Das zweite große Studio ist das „Steps on Broadway“. Wie der Name sagt liegt es immer noch am Broadway. Im Ballett gefiel mir besonders Robert Atwood, seine Art ist sehr angenehm. Zena Rommett, die Erfinderin der Floor Barre steht immer noch auf dem Stundenplan, doch ob sie in ihrem Alter tatsächlich noch unterrichten kann, wage ich zu bezweifeln. Im Hip Hop kam ich vor allem bei Jay T. ins Schwitzen, beim Steppen beim ehemaligen Tap-Dog-Tänzer Gil Stroming. Bei ihm geht es recht laut und rockig zu, nichts für zartbesaitete. Das „Steps on Broadway“ ist im Vergleich zum „Broadway Dance Center“ etwas klassischer orientiert, hat nicht ganz so viel Hip Hop etc.
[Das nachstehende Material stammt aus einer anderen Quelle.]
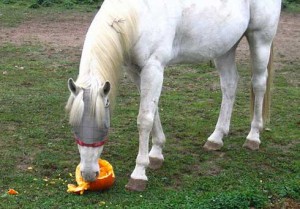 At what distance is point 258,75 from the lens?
561 cm

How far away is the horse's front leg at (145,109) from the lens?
4.40m

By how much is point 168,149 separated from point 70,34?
19.6 ft

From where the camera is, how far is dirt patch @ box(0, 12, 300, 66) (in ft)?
32.7

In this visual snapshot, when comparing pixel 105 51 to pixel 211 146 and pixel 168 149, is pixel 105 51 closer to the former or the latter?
pixel 168 149

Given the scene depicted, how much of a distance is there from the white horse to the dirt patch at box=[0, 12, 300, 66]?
3.93 meters

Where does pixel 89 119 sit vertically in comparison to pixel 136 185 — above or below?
above

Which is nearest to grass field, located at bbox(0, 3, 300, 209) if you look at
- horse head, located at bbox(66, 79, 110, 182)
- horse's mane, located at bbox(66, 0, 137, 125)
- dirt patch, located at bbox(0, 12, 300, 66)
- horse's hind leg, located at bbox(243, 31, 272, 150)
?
horse's hind leg, located at bbox(243, 31, 272, 150)

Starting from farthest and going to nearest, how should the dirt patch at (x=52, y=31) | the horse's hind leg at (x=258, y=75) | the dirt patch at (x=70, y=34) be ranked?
1. the dirt patch at (x=52, y=31)
2. the dirt patch at (x=70, y=34)
3. the horse's hind leg at (x=258, y=75)

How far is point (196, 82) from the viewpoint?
804cm

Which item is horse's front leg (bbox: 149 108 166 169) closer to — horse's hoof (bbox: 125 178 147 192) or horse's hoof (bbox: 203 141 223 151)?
horse's hoof (bbox: 125 178 147 192)

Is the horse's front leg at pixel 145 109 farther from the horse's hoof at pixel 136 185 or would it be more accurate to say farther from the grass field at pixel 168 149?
the grass field at pixel 168 149

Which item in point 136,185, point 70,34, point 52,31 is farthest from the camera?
point 52,31

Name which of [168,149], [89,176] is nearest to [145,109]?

Die Niveaustufen in den Tanzstunden sind in New York extrem hoch. Wenn man in Deutschland in Mittelstufenunterricht geht, sollte man sich nur in „Anfänger mit Vorkenntnisse“ wagen. Gewohnt hatte ich im West Side YMCA. Es liegt sehr zentral, direkt beim Central Park 5 W 63rd S, man ist überall schnell zu Fuß und es ist preislich einigermaßen erschwinglich.
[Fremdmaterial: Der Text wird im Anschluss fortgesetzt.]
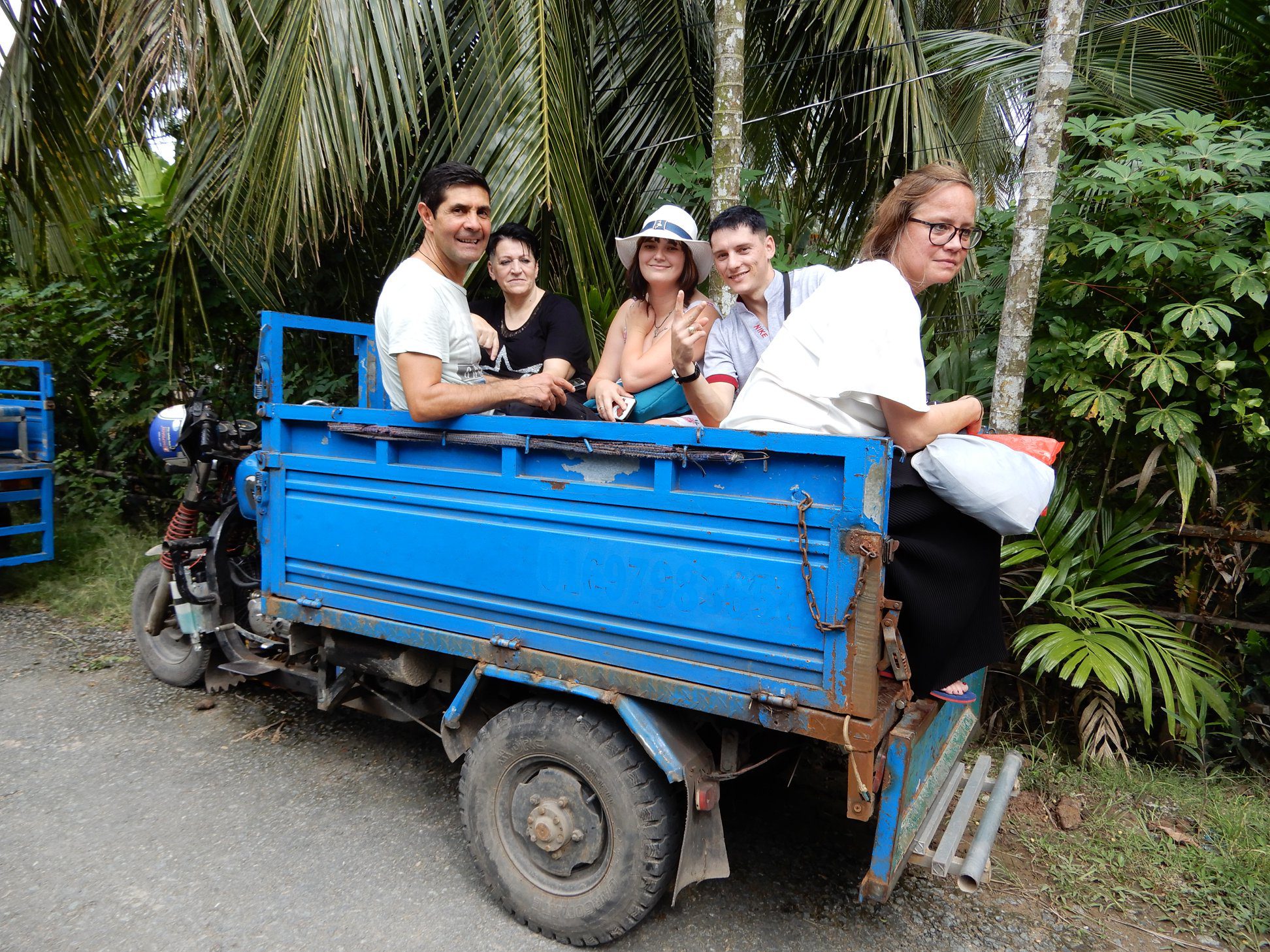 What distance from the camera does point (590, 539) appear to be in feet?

Abends waren vor allem Musicals angesagt. Preislich sind die Eintrittskarten eher günstiger als in Deutschland, zudem gibt es Sparmöglichkeiten. Wenn man Glück hat, kann man kurz vor Vorstellungsbeginn einen Stehplatz ergattern, mit noch mehr Glück nachher für das wenige Geld auch noch von der Kartenabreißerin einen Sitzplatz zugewiesen bekommen. Ansonsten gibt es Karten im TKTS am Time Square, doch da braucht man viel Geduld, um anzustehen. Man braucht unbedingt gutes Schuhwerk in Manhatten, da man normalerweise große Strecken zu Fuß zurücklegt. Die U-Bahnen fahren zwar oft, aber jede Fahrt kostet Geld und die Abstände zwischen den Haltestellen sind doch recht lang.
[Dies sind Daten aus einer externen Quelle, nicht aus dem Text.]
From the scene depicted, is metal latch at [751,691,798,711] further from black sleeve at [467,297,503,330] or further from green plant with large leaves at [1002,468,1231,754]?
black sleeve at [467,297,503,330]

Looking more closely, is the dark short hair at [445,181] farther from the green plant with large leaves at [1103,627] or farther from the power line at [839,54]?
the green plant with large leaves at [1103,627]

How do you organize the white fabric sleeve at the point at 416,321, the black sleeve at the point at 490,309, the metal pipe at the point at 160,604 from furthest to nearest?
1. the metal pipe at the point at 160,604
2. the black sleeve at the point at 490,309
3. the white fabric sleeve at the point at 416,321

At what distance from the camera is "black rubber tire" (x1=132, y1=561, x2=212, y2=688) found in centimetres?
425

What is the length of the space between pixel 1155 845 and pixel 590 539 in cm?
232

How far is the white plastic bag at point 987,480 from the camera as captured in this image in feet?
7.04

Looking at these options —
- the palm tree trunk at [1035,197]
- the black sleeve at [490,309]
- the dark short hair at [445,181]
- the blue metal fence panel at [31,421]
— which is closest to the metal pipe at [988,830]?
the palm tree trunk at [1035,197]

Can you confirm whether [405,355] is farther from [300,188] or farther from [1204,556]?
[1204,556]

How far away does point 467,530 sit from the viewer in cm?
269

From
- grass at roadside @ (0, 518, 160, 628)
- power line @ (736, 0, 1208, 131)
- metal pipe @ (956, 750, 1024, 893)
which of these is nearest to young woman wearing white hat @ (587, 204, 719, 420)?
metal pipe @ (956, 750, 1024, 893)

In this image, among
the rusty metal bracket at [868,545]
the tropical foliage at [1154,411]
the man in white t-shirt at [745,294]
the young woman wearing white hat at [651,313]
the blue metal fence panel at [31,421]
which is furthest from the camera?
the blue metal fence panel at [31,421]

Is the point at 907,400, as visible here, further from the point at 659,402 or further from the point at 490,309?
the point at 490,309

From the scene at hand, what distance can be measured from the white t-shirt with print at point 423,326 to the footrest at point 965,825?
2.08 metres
Sehr gut hat mir gefallen, spät abends durch die CD-Läden oder den riesigen Buchladen „Barnes & Nobles“ zu bummeln. Wenn man nachts um elf noch CDs durchhören oder in Büchern blättern kann, in aller Ruhe, das hat schon was. Nicht gefallen hat mir der ständige Lärmpegel. Rund um die Uhr Autolärm und Sirenen, kaum eine Möglichkeit, sich zurückzuziehen, das ist für ein Landei nur mit Oropax zu verkraften. Selbst im Central Park ist es immer laut. Doch im Botanischen Garten kann man etwas Grün und Ruhe finden und den Hasen und Eichhörnchen zusehen. Auch das gibt es in New York.